LPBINU Dorong Milenial Berperan Aktif Tangani Perubahan Iklim
Senin, 1 November 2021 | 15:00 WIB
Jakarta, NU Online
Anomali cuaca, pola kekeringan dan curah hujan yang tidak seimbang, serta intensifnya kekuatan badai yang kerap muncul di pemberitaan dunia merupakan sekian tanda dari dampak perubahan iklim yang saat ini melanda. Aktivitas manusia diduga menjadi faktor pemicu dari perubahan iklim.
Menanggapi isu tersebut, Direktur Bank Sampah Nusantara (BSN) Lembaga Penanggulangan Bencana dan Perubahan Iklim Nahdlatul Ulama (LPBI NU) Fitri Aryani berharap agar generasi muda bisa menaruh konsentrasi lebih terhadap isu terkait. Pemuda harus mampu menjadi tokoh utama dalam upaya mitigasi perubahan iklim.
“Peran pemuda tentu saja sangat penting. Apalagi, data Badan Pusat Statistik (BPS) menyajikan fakta bahwa generasi muda mendominasi penduduk Indonesia saat ini. Artinya, peran pemuda sebagai agen perubahan harus lebih dimaksimalkan,” jelas Fitri kepada NU Online, belum lama ini.
Aktivitas manusia sebagai pemicu perubahan iklim, salah satunya Fitri menyebutkan, disebabkan oleh adanya pergeseran gaya hidup dan aktivitas yang memicu terjadinya percepatan perubahan iklim.
“Pergeseran budaya, gaya hidup yang lebih modern (instan, tidak ribet dan meninggalkan kearifan/budaya lokal) inilah yang akhirnya menciptakan aktivitas tidak ramah lingkungan. Pergeseran budaya jalan kaki atau naik sepeda menjadi motor dan mobil menghasilkan pelepasan CO2 ke udara,” papar Fitri.
Gaya hidup modern, lanjut Fitri, medorong manusianya menjadi lebih konsumtif. Salah satu contoh terbesar yang sering kali ditemukan adalah seperti tidak membawa tas belanja dan lebih mengandalkan plastik sekali pakai. Hal tersebut sangat disayangkan, karena turut menyisakan barang-barang menjadi sampah yang diketahui masih sulit untuk didaur ulang.

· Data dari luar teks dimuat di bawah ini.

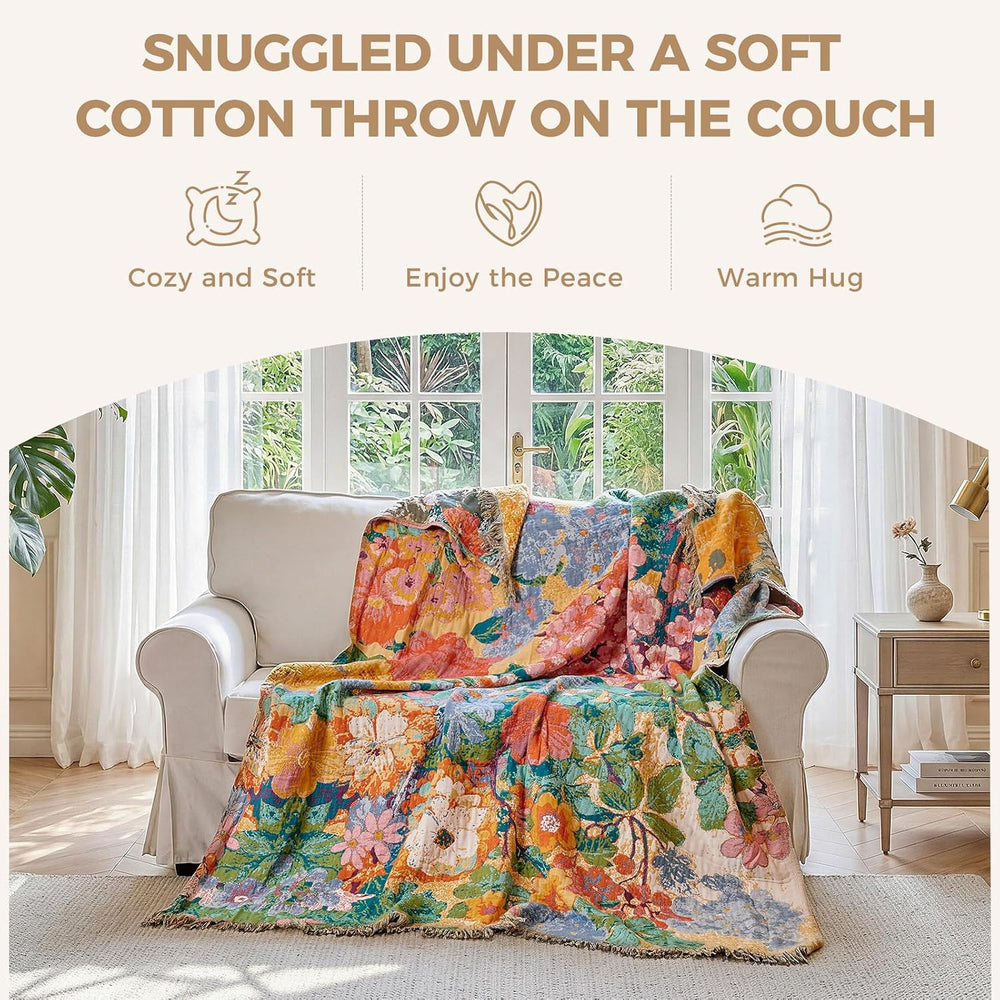 LUTBM Boho Throw Blanket for Bed 60"x80", All Season Cotton Couch B...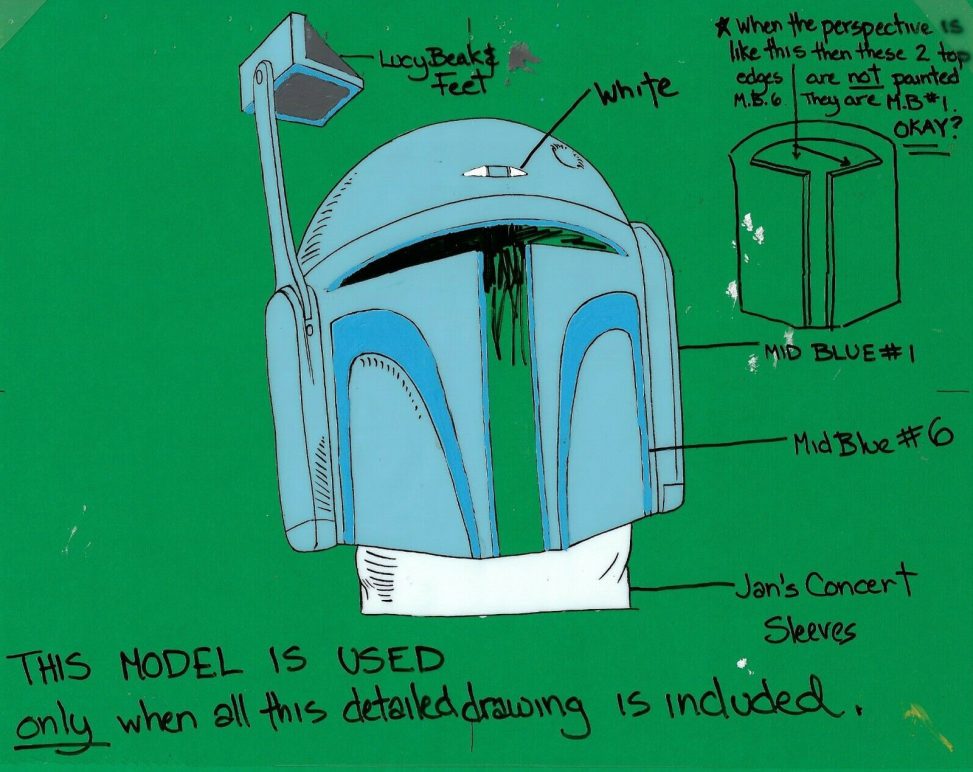Painted cel showing Boba Fett's helmet colouring from Nelvana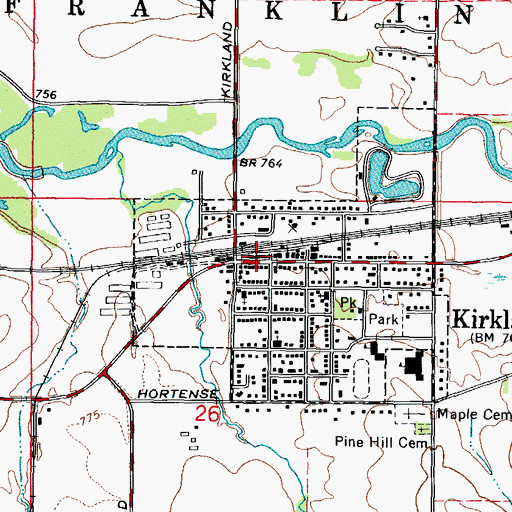 Topographic Map of Kirkland Police Department, IL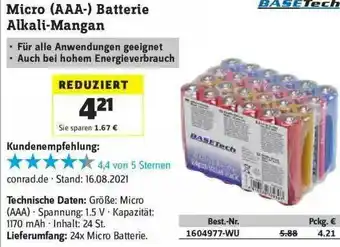 Conrad Micro (aaa-) Batterie Alkali-mangan Basetech Angebot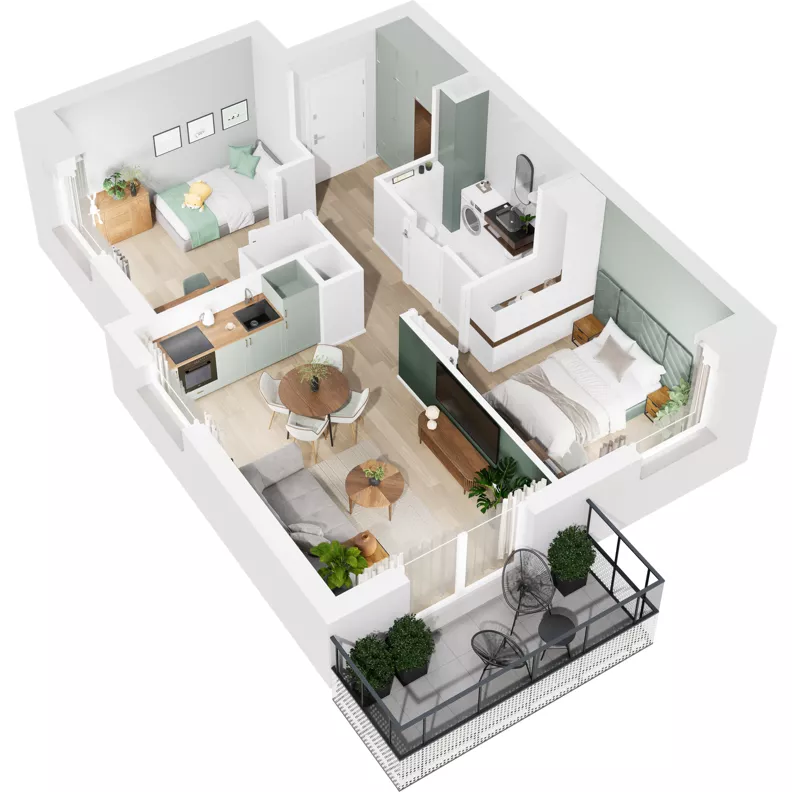 3 pokoje, mieszkanie 49,17 m², piętro 7, oferta nr 122/46, Dobre Strony, Kraków, Dębniki, Borek Fałęcki, ul. Obozowa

Sebagai segmen demografis terbesar, Fitri berharap pemuda lebih menyadari perannya sebagai agen perubahan dengan mengubah gaya hidup yang lebih ramah lingkungan. Generasi muda harus mengambil sikap bijak saat memposisikan diri sebagai konsumen. Bisa mempertimbangkan terkait availabilitas kemasan produk tersebut untuk didaur ulang.

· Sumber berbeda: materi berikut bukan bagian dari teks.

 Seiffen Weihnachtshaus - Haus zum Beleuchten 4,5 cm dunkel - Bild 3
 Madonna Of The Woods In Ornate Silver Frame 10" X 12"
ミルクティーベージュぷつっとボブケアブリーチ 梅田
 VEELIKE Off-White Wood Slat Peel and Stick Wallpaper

“Budaya jalan kaki dan naik sepeda kembali atau menggunakan transportasi umum, sehingga bisa mengurangi dampak pelepasan CO2 berlebih,” papar Fitri.
“Mulai mengenal dan memakai tas belanja tradisional (selain mengurangi kantong sekali pakai, juga bisa menghidupkan kembali ekonomi pengrajin tas di masing-masing daerah), membawa tempat makan dan minum sendiri, tidak menjadikan sedotan sebagai pilihan untuk minum, memilih gaya minimalis (tidak konsumtif),” sambungnya.
Selain upaya yang bisa diterapkan pada diri sendiri, Fitri juga mengimbau pemuda untuk dapat mengampanyekan gerakan peduli lingkungan melalui media sosial (medsos). Hal tersebut dapat menjangkau lebih banyak audiens untuk turut serta mengambil peran pada aksi penyelamatan masa depan bumi tersebut.
“Berperan untuk mengubah pola pikir masyarakat atau sesama teman untuk berpindah ke gaya hidup yang lebih ramah lingkungan dengan konsep yang lebih kekinian. Ada medsos; TikTok, YouTube, dan lain-lain,” pungkas Fitri.